En primer lugar se dispusieron a irrumpir en el salón de actos donde se iba a celebrar el acto. El rector se vio obligado a trasladar la ubicación de la celebración de la conferencia que, finalmente, fue pronunciada ante un reducido número de personas en un aula. A la salida, los mismos energúmenos de antes (y los de siempre) la siguieron hasta la salida. No dejaban de gritar improperios y consignas mal trabadas. Rosa Díez tuvo que ser escoltada en todo momento; le arrojaron papeles y piedras; incluso se apostaron alrededor del vehículo de modo que parecía que no iba a conseguir salir de allí. El rector también sufrió directamente este acto de violencia: le arrojaron pintura roja. Todo, en su conjunto, fue un acto lamentable de violencia política, una acción deliberadamente ejecutada para cercenar la libertad de expresión no sólo de una ciudadana sino también de una diputada, de una señora que nos representa a todos, y, por añadidura, la libertad de todos aquéllos que tenían la voluntad de escucharla, de acudir al acto en ejercicio de una libertad política fundamental: el derecho de reunión.

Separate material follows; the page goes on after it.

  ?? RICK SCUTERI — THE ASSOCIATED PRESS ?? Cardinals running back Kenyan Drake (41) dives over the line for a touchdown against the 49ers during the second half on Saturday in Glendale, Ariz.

Es evidente que esta entrada es una condena de esta acción, una denuncia de la violencia política, del fascismo que tiene tomadas determinadas facultades de este país (ya le ocurrió lo mismo en la Facultad de Ciencias Políticas de la Universidad Complutense de Madrid aunque tuvieron menos éxito), pero es también una manifestación de aflicción por esta parte de la comunidad universitaria envenenada por el totalitarismo, por esos fascistas engañados que creen en la superioridad de una causa sobre las personas. La universidad ha sido siempre un espacio de refugio político incluso en los tiempos más adversos y es por ello que, quizás, con el robo de este espacio público a la democracia es cómo más daño nos hacen.
Y, después de todos estos episodios, yo me pregunto ¿en qué van a quedar estas acciones? ¿Es gratis en este país ir a actos públicos y reventarlos, impedir que la gente exprese sus ideas con libertad? ¿Dónde está el ministerio público, el juez instructor, la policía, la propia universidad si no es investigando a los responsables para emprender acciones legales? ¿Van a quedar impunes? Si cada vez que pasa algo así vamos a quedarnos sin hacer nada, estamos haciendo más que nadie para legalizar el fascismo. Si pensamos que nada nos va ni nos viene por que una diputada tenga que salir escoltada de una universidad mientras le arrojan papeles y piedras, es que no merecemos la democracia porque ésta no sólo está en las leyes o en la Constitución sino que hunde sus raíces en el espíritu de respeto de los ciudadanos. Si nosotros mismos perdemos el respeto por nuestra democracia, sólo nos queda la esclavitud.